Data to use at Statistics PhD seminar 23/9, 2022.
Clone the directory by doing a git clone. Otherwise I can also share it on teams, but I figured we'll try GitHub!
The data is stored in dbs/fantasy_df.csv, but you can use the script PhD_seminar.R to explore the data.
I pose three different problems that you can work on, but you are free to do whatever you like, as long as you gain insights from the data.
Note fantasyPoints are calculated using
mutate(fantasyPoints = case_when(
position == "G" ~ (2 * wins - 0.8 * goalsAgainst + 0.15 * saves + 3 * shutouts),
T ~ (2 * assists + 3 * goals + plusMinus * 0.3 + 1 * shortHandedPoints + 0.2 * shots + 0.2 * hits + 0.3 * blocked))
)
Predict fantasyPoints by using historic data. Try to predict next seasons fantasy score based on previous seasons.
Find a way to compare different positions (G, D, W, C) in a fair way. When is a defensmen worth more than a forward, despite the defenseman scoring less in total?
Cluster players based on their stats. Try to get players with similar characteristics in groups liek "goalscorers" that only score goals and little else, or "hitters" which deliver a lot of hits. The clustering can then be used for prediction(?).

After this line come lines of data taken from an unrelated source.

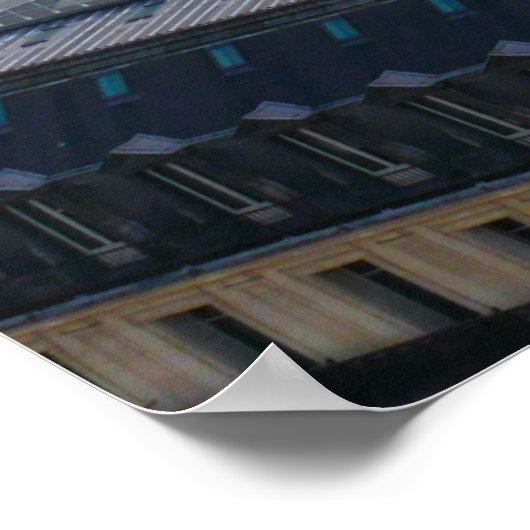 Paris. Frankreich. Palais Garnier Poster (Ecke)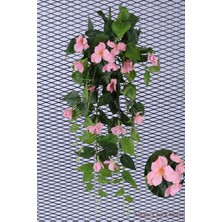 Yapay Çiçek Sitesi Yapay Sarkıt Begonya Çiçeği Sarmaşığı 85 cm - Pembe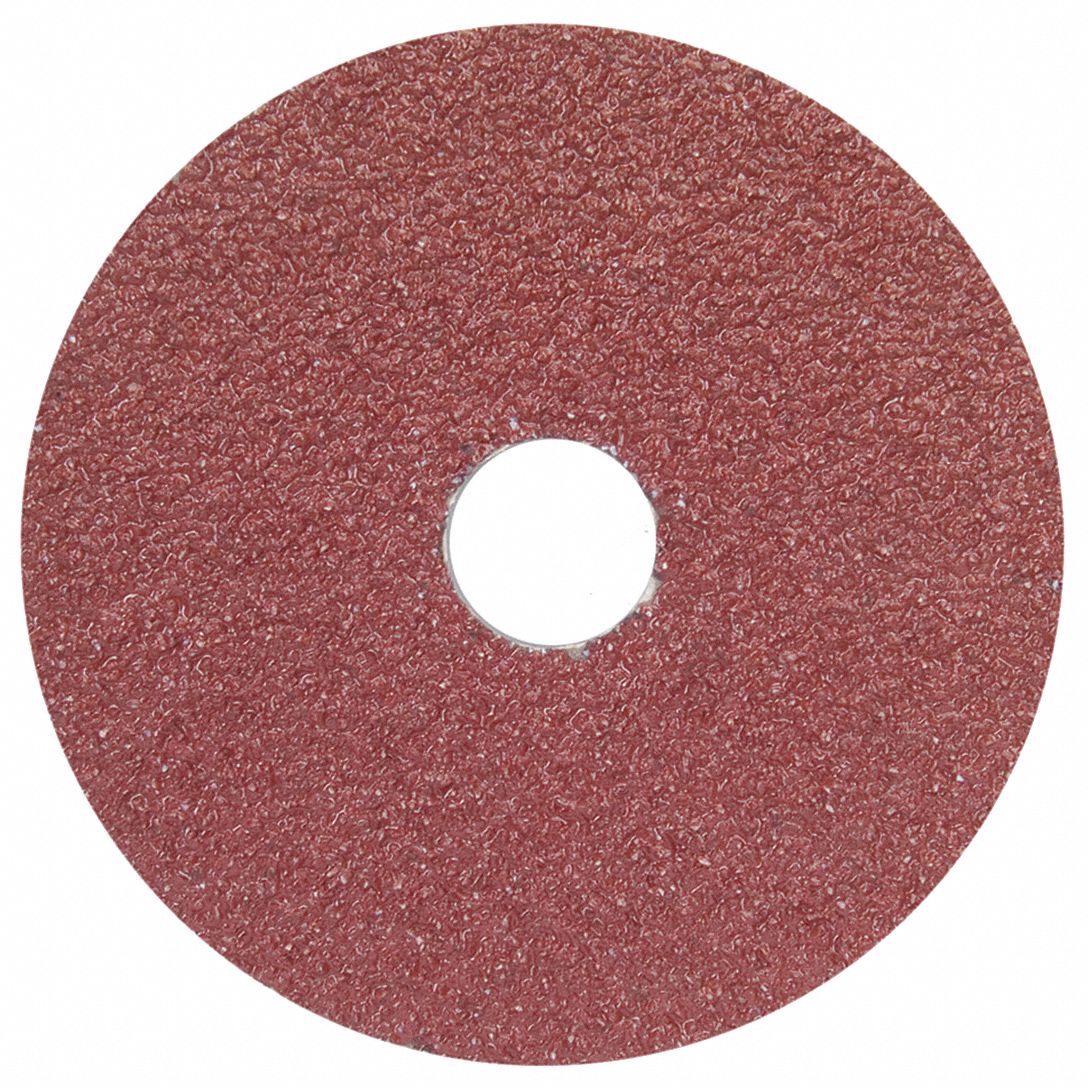 FIBER DISC,36 GRIT,5 IN DIA,PK60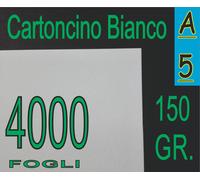 4000 FF CARTA BIANCA OPACA gr 150 x Stampante Laser e Inkjet A5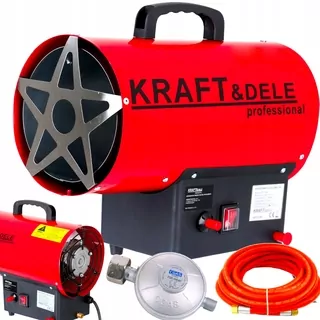 Plynový ohrievač Kraft&Dele 20 kW + rukavice, pracovné rukavice, vamp, pár, 24 hodín(1467)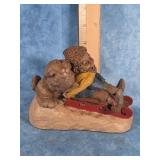 "BUNNY SLOPE" TOM CLARK & TIM WOLFE FIGURINE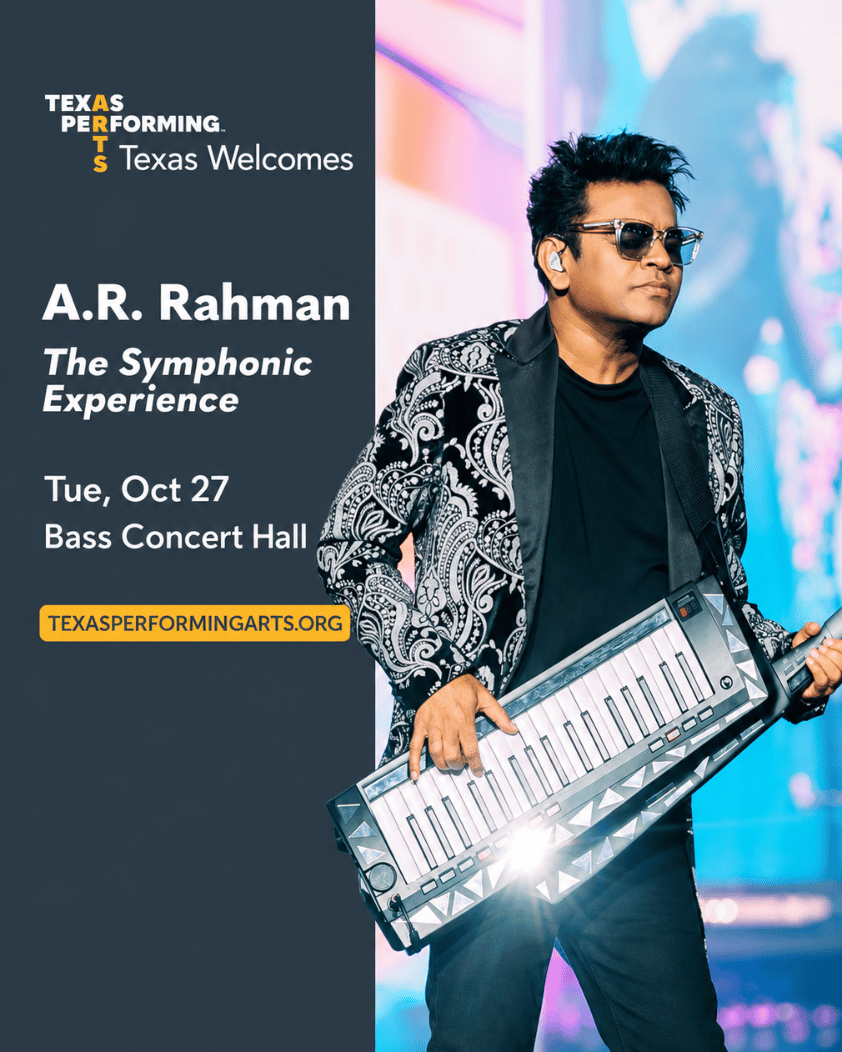 A.R. RAHMAN SYMPHONIC EXPERIENCE IN Austin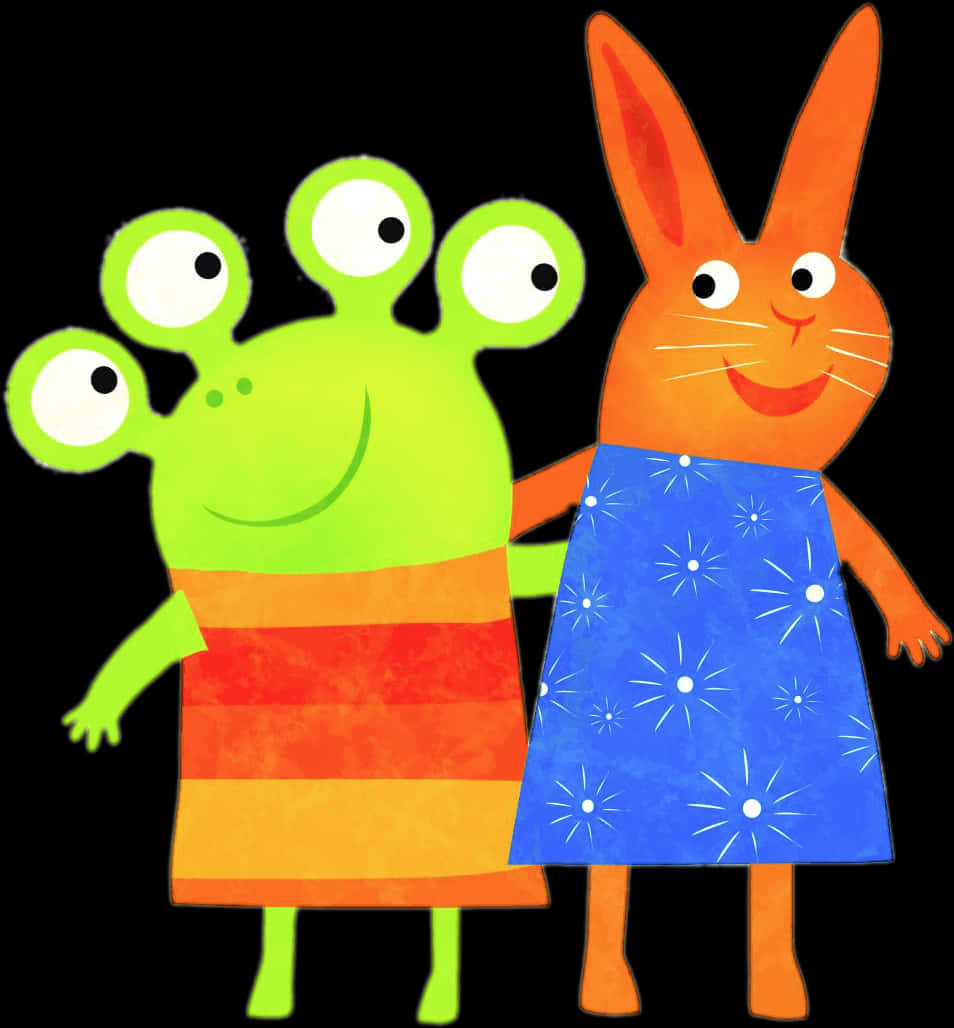 Alienand Rabbit Friends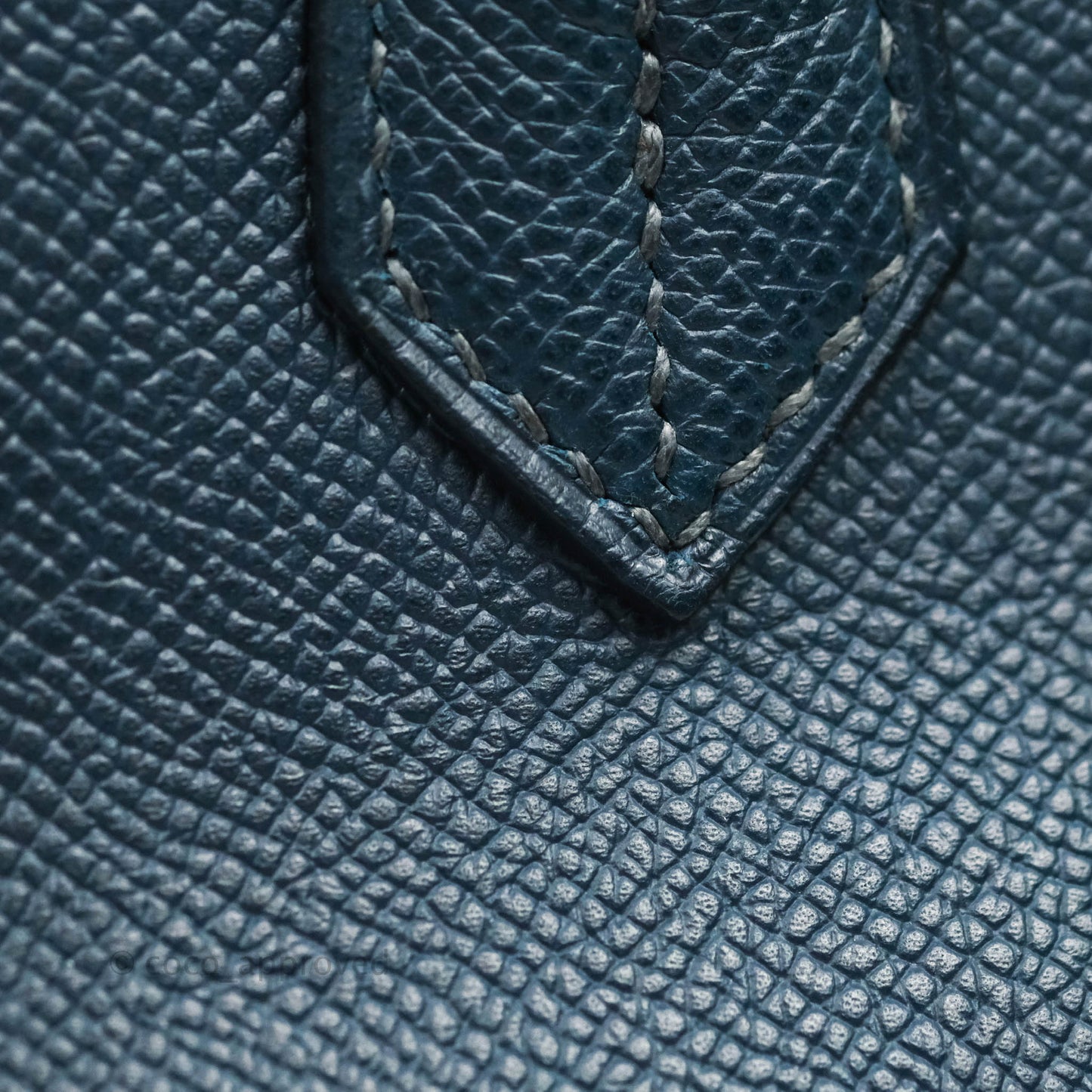 Hermès Birkin 30 Navy Epsom Silver Hardware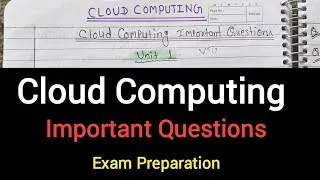 Thumbnail: Cloud Computing Important Questions | Unit Wise and Top 15 | RGPV & Other Universities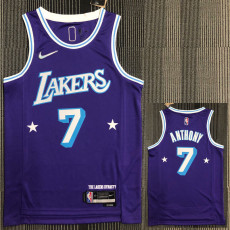 21-22 Lakers ANTHONY #7 Purple City Edition Top Quality Hot Pressing NBA Jersey
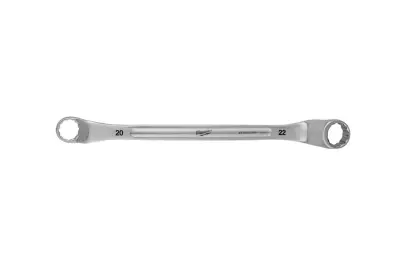 Oboustanný očkový vyhnutý klíč Milwaukee 20 mm x 22 mm, zahnutý 75°, 4932492749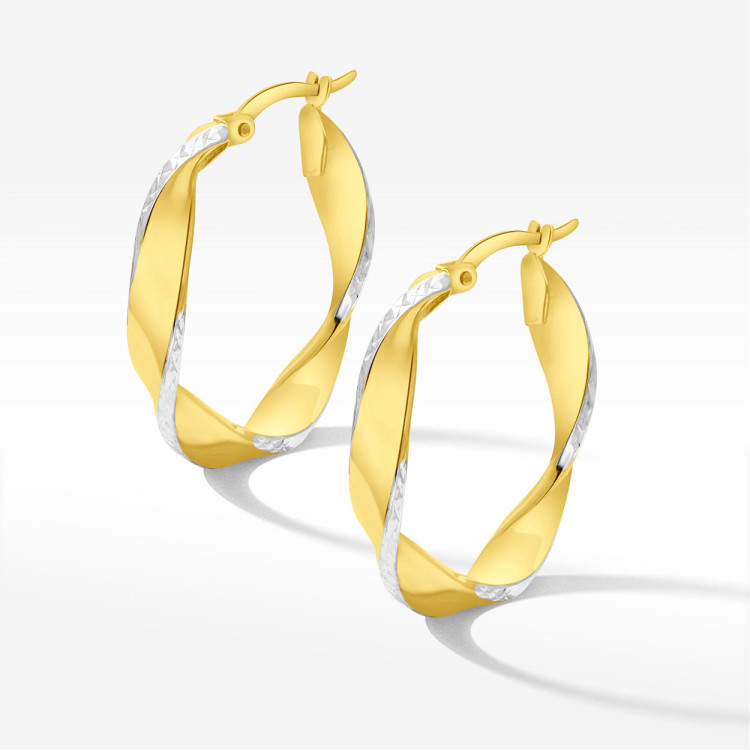 Kolczyki ze złota koła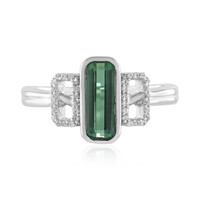 Anello in argento con Tormalina Verde di Benedito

I will brief you before we start.
The data consists of a dataframe with 5653 observations of 50 variables. Each observation is a season that a currently active NHL player has played in the NHL. Some of the variables include information like name, position, and team, while most of the variable contain statistics from the sesaons. Some variables only apply to goalkeepers, see the PhD_seminar.R script.
Below is a description of the variables containing information.
Variable | Meaning |
---|---|
id | PLayer identification |
season | The year the season started |
fullName | The players name, may not be unique. Use id |
position | The players position. May take values "G", "D", "W", "C" |
team | Players team that they finished the season with. |
league | Redundant, always NHL in the fantasy DB |